### EXERCISE BRIEF
Of all the lines below, output only those starting at the one with "Natur 20. hoodie" and ending at the one with "Hargen Typeface by", both ends included, exactly as written.

Top of PROVIDED DATA

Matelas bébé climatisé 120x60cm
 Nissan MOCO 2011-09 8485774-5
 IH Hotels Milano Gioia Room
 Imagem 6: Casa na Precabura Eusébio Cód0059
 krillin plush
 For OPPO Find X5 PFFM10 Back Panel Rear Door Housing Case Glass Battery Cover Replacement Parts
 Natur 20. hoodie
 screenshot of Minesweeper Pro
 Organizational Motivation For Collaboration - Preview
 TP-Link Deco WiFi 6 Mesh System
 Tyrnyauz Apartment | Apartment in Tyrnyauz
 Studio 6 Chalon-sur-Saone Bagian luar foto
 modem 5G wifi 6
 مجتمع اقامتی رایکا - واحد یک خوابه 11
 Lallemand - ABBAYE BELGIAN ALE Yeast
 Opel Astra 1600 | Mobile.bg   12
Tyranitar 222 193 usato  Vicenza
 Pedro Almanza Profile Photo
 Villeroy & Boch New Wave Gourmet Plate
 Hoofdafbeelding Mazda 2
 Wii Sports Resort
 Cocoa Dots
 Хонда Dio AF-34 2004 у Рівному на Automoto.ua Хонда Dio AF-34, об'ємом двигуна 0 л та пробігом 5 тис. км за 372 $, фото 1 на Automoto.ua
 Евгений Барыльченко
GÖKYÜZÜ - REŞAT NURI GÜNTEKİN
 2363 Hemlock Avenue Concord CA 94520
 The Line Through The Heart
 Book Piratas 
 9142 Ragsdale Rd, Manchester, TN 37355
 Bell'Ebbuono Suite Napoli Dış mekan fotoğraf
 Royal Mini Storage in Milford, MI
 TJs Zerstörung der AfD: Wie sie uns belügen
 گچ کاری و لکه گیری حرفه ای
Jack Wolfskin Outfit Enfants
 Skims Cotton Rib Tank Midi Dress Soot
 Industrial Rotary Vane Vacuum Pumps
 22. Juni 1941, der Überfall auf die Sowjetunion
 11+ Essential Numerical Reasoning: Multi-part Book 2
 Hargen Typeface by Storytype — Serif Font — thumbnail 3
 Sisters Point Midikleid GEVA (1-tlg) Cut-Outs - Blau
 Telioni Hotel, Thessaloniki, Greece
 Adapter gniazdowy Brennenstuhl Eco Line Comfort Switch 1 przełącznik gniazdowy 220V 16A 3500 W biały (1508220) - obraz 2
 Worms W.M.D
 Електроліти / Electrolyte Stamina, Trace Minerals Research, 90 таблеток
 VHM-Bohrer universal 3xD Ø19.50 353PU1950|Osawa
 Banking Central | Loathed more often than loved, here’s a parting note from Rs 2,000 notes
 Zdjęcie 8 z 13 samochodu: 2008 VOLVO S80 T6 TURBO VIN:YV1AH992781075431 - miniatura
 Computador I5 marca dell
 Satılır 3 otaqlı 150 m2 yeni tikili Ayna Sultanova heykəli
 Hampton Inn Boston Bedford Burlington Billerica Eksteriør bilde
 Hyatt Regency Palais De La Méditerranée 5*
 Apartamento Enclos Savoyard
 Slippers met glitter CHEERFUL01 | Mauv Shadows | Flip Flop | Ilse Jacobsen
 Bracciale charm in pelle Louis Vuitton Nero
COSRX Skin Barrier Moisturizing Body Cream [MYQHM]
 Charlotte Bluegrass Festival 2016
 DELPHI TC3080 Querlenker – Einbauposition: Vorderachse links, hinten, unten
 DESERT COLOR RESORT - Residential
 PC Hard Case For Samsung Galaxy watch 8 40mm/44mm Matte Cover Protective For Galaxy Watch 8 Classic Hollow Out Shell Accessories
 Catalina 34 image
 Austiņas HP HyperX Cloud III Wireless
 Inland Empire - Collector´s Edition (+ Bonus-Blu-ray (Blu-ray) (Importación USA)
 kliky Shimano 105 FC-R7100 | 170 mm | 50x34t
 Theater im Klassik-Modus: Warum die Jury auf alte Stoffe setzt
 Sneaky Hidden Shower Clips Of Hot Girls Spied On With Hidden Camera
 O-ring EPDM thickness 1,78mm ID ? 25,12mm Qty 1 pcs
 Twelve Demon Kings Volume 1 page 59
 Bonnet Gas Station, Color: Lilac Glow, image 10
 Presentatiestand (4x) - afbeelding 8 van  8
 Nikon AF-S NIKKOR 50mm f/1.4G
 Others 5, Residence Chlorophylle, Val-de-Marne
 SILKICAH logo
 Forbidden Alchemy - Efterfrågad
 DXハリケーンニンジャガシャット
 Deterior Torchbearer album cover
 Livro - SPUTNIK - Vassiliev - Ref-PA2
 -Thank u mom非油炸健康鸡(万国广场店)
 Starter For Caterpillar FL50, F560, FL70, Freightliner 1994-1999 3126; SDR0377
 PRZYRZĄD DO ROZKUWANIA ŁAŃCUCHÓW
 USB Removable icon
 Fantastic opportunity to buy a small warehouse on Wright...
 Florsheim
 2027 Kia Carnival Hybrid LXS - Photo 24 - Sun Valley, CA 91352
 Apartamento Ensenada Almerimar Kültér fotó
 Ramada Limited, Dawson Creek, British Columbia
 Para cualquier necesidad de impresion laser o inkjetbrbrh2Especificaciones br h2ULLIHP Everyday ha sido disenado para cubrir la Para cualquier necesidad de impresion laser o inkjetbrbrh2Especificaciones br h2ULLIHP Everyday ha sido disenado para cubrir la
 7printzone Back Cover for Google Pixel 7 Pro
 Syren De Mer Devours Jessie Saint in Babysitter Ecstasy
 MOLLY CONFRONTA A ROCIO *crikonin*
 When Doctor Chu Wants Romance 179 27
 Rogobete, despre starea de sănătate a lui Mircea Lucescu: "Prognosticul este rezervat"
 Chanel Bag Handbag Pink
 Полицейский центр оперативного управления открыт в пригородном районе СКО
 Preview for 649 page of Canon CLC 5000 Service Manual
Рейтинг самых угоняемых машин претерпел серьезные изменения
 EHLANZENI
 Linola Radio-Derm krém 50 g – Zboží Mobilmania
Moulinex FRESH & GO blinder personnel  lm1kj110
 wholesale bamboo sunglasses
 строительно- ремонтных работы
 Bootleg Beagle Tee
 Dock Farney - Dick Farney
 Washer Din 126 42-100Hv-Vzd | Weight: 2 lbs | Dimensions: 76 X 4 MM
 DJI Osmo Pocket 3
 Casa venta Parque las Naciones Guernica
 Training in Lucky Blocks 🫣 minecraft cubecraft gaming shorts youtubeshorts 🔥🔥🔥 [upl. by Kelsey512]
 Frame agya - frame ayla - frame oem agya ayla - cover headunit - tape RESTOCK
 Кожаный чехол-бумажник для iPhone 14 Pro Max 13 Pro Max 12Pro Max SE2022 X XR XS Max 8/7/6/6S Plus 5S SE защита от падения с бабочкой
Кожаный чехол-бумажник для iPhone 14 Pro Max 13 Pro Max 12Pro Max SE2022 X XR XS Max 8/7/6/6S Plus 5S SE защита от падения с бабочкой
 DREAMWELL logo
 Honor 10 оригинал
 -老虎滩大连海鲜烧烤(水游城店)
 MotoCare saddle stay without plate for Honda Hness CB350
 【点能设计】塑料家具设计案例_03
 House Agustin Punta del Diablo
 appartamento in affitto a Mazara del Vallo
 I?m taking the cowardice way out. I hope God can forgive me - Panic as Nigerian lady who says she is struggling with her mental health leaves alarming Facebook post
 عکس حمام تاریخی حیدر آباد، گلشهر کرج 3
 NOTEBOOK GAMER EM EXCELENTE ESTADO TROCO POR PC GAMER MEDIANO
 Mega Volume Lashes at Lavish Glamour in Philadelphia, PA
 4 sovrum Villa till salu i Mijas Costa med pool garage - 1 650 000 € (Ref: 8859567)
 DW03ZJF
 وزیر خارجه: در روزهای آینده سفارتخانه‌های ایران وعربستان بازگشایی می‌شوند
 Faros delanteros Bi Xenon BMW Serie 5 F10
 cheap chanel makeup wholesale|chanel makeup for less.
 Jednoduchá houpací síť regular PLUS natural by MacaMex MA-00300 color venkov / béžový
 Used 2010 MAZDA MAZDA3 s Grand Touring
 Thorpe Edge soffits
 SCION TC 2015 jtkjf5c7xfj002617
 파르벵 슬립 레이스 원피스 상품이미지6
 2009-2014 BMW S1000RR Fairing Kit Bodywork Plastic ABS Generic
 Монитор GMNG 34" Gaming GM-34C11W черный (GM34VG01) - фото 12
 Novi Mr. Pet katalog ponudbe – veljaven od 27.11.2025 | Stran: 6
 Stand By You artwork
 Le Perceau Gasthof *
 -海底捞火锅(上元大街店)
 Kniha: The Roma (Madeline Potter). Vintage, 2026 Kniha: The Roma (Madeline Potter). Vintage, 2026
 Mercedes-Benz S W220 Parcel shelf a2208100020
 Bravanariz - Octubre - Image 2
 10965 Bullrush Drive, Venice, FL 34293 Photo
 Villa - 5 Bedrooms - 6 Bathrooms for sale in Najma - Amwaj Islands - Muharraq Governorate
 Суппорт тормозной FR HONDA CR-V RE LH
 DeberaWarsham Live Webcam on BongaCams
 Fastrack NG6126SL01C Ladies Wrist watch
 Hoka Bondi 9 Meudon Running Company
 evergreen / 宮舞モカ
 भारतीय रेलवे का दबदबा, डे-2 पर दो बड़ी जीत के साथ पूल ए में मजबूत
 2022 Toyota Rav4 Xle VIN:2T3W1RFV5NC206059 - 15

Bottom of PROVIDED DATA

### RESPONSE TO THE TASK
 Natur 20. hoodie
 screenshot of Minesweeper Pro
 Organizational Motivation For Collaboration - Preview
 TP-Link Deco WiFi 6 Mesh System
 Tyrnyauz Apartment | Apartment in Tyrnyauz
 Studio 6 Chalon-sur-Saone Bagian luar foto
 modem 5G wifi 6
 مجتمع اقامتی رایکا - واحد یک خوابه 11
 Lallemand - ABBAYE BELGIAN ALE Yeast
 Opel Astra 1600 | Mobile.bg   12
Tyranitar 222 193 usato  Vicenza
 Pedro Almanza Profile Photo
 Villeroy & Boch New Wave Gourmet Plate
 Hoofdafbeelding Mazda 2
 Wii Sports Resort
 Cocoa Dots
 Хонда Dio AF-34 2004 у Рівному на Automoto.ua Хонда Dio AF-34, об'ємом двигуна 0 л та пробігом 5 тис. км за 372 $, фото 1 на Automoto.ua
 Евгений Барыльченко
GÖKYÜZÜ - REŞAT NURI GÜNTEKİN
 2363 Hemlock Avenue Concord CA 94520
 The Line Through The Heart
 Book Piratas 
 9142 Ragsdale Rd, Manchester, TN 37355
 Bell'Ebbuono Suite Napoli Dış mekan fotoğraf
 Royal Mini Storage in Milford, MI
 TJs Zerstörung der AfD: Wie sie uns belügen
 گچ کاری و لکه گیری حرفه ای
Jack Wolfskin Outfit Enfants
 Skims Cotton Rib Tank Midi Dress Soot
 Industrial Rotary Vane Vacuum Pumps
 22. Juni 1941, der Überfall auf die Sowjetunion
 11+ Essential Numerical Reasoning: Multi-part Book 2
 Hargen Typeface by Storytype — Serif Font — thumbnail 3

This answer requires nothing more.